Expatriate labour in Qatar: Employees or mercenaries?

by  — 15 January 2014

The State of Qatar is the envy of many countries with impressive plans for its future. Unfortunately, what the state lacks are enough qualified citizens to complete its monumental development goals, writes Robert Madronic from College of North Atlantic Qatar.

Market conditions combined with the state’s right to maintain control means that the mercenary mentality will be difficult to overcome, writes Robert Madronic, a marketing instructor from the School of Business Studies at College of the North Atlantic Qatar.‬‬

The practice of hiring expatriates is quite common and has a history dating back to the mercenaries of the Roman Empire. The challenge with mercenaries is that they are not motivated by national pride or hope for the future, but by financial gain. Thus, a mercenary will never be as effective as a committed citizen. Qatar’s expatriates don’t carry swords; but hammers and briefcases. Paid to build the country’s infrastructure and institutions, these expatriates will never become citizens and are expected to go home when the job is completed. This lack of residential and job security can create a ‘mercenary mentality’, a motivation to work only for the money. Such motivation rarely leads to long-lasting, high-quality work.

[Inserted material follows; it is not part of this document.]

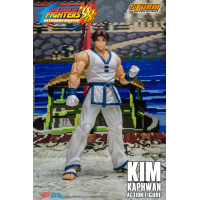 Storm KOF98UM Kim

While the state has every right to protect its interests, sponsorship laws, land restrictions and nationalisation efforts arguably exacerbate the mercenary mentality by reminding employees that they are but hired hands who can be sent home at any time without sharing in fruits of their labour. 

Mercenary mentality

The mercenary mentality can create numerous problems for a firm. First, such employees are more likely to leave when offered more money, forcing companies to spend more on hiring. Another problem is that employees may resist adapting to the internal culture of a firm. Change is difficult in the best of times; employees may not bother if they may be gone in six months. This reluctance limits group synergy and makes interpersonal conflict more common. Another issue that is both a cause and a result of the mercenary mentality is the pay differences between workers from different countries. Qatari citizens and Western workers may be able to command higher salaries than staff from parts of Asia, creating differing expectations for quality and quantity of work. If you were paid half as much as your coworker for the same job, would you put in the same effort?

Long-term vision

Unfortunately, market conditions as well as the state’s right to maintain control means that the mercenary mentality will be difficult to overcome. As an employer, however, you can take some steps to lessen its effects. First, you can make sure you hire the right people. Some view a short-term position as an opportunity to gain valuable experience in an international setting, but want to leave after a brief stint. They are in it for the experience, not the money.

Qatari citizens and Western workers are able to command higher salaries than staff from parts of Asia, creating differing expectations for quality and quantity of work.

International firms, offering short-term transfers to the region so that employees know they still have a position at home, eliminate uncertainty and lessen the focus on salary. Longer-term contracts rather than successive short-term contracts can also reduce employee stress. For new hires, offer long-term contracts to create a sense of permanency. How much effort and dedication will you get from someone with a series of one-year contracts rather than a five-year contract?

Since the main facet of the mentality is the profit motive, offer your staff more than just a paycheck. This begins with benefits such as reasonable housing, recreation, schooling and travel allowances to a standard befitting the level of staff. You must also ensure that your firm takes care of the details. Leaving these issues to newly arrived staff leads to frustration, feelings of betrayal and the desire to find a better employer. We have all heard stories of people arriving to find that there are no places in any schools, their housing was not as promised and the pool has not worked for months. Of course these employees leave for more money, wouldn’t you?

Not all of history’s mercenaries would fight for the highest bidder. Some groups and leaders were so well respected that they inspired exceptional contributions from their mercenaries with average pay.

Imagine how successful you will be with employees like that.